Back in February of this year, I found myself looking for another job assignment. As a travel nurse, every three months I took on a different contract, with a different hospital, in a different city. I’ve learned that nursing is pretty much the same no matter where you go, but the venue, well, that makes all of the difference. I travel with my husband and three daughters in an RV. We love it, and earlier this year we were excited to go somewhere new. We had enjoyed our time in South Carolina, but we were also ready for new sights to be seen.

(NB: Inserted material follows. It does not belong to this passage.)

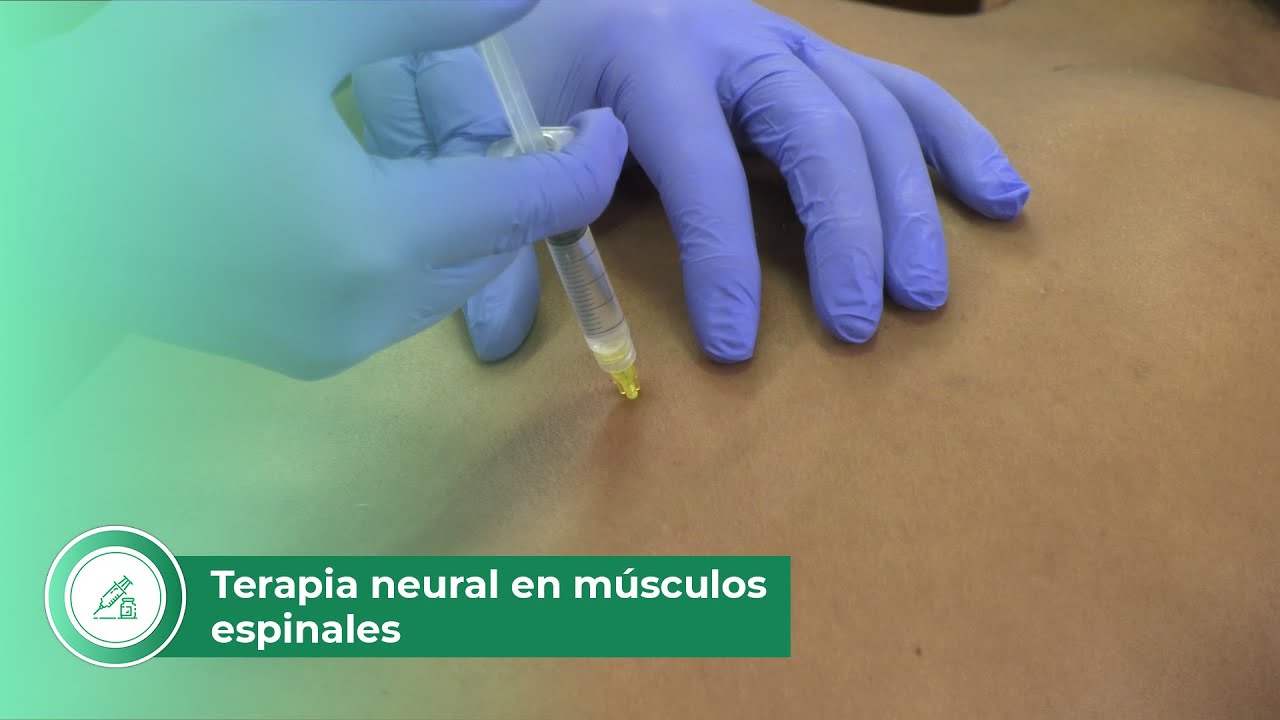 Terapia neural en m&uacute;sculos espinales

Arizona. That’s where we wanted to go! We had never traveled out west, and though I was born in California and had family in New Mexico, I had never done more than drive through the state of Arizona. My husband and I scanned the internet for all the fabulous, outdoor activities, and we imagined ourselves hiking within the scenery of the lovely pictures we saw. We picked out the perfect, family-friendly campground near the city we wished to go, and I excitedly salivated at the KOA Resort photos.
I worked with a recruiter, and immediately made him aware of our desires. He submitted at a couple of hospitals in Tucson and nearby Phoenix, and I eagerly awaited an interview. First week, nothing. No problem, I told myself. New jobs come out every week. We submitted again, and again no phone call. We submitted applications the third week in a row, and after no interview, I began to wonder what was wrong with me.

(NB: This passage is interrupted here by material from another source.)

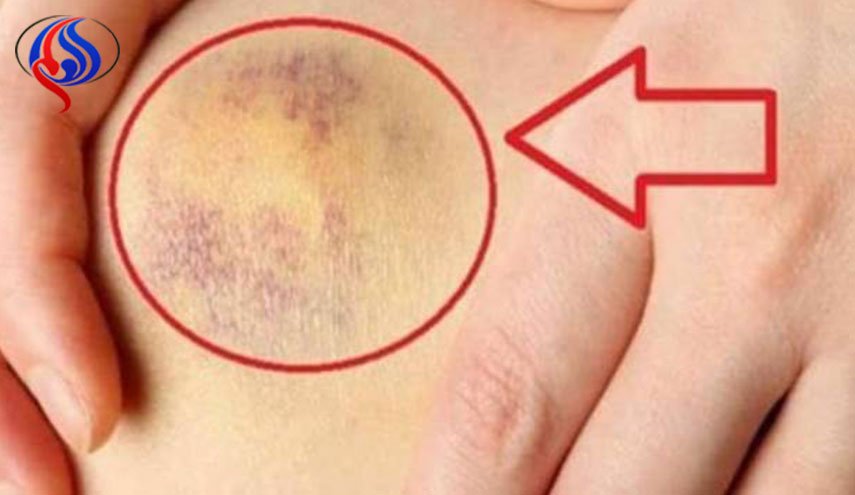 إياكم أن تتجاهلوا هذه الكدمات.. فهي مؤشر خطير!
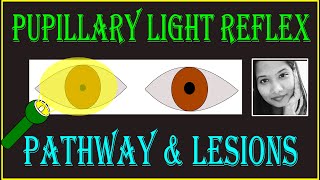 Pupillary Light Reflex – Pathway amp Lesions  Neuro ophthalmology [upl. by Aikrahs]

“You have the best resume out there,” my recruiter consoled me.
Neither of us could understand it. With almost twenty years of experience and a stellar record, I was a shoo-in. What was the deal?! I hadn’t been silent in my desires for this job. I had prayed to land the Arizona contract not once, not twice, and not even just three times. I had prayed every single day to get that job! But no call came.
This morning I was reading a familiar story from Daniel about three guys named Shadrach, Meshach, and Abednego. Most of you recognize the names as the fellows who were thrown into the fiery furnace of the king after refusing to bow to his idol. The climax of the account is found when despite the blaze the men suffer no harm, and they are saved by the son of God from the fire, not even smelling like smoke when they get out. My husband’s favorite part is when the king looks down and sees four men instead of three, and that was my favorite too until something else stuck out to me this morning as I read.
When King Nebuchadnezzar tells them they better bow down to his idol or they’re going in the furnace they reply that they’re not worried because their God will save them, but it’s the flip side of their reply that got me.
They continued, “but even if He doesn’t…”
Even if He doesn’t.
They knew God could do it. They had faith He could. But the real faith came in the statement that even if He didn’t, they still believed their God was the one and only true God. They wouldn’t bow down to anything else.
When I first realized I wasn’t getting a phone interview I was upset. I blamed it on my own lack to stand out, but then I was reminded of my prayers. Much like our fire repellant trio, I had prayed in faith.
“Lord,” I had prayed, “I really pray I get the job in Arizona, but above all, I want your will.”
I had wanted the job in Arizona, but even more than that I wanted to serve the Lord. I knew His sovereignty. I knew His omniscience. He knew from beginning to end, point A to point B, what was best for my family, and how best we might be used. Knowing this, I prayed for Arizona, but more than that I prayed He would take care of us and take us where we needed to go.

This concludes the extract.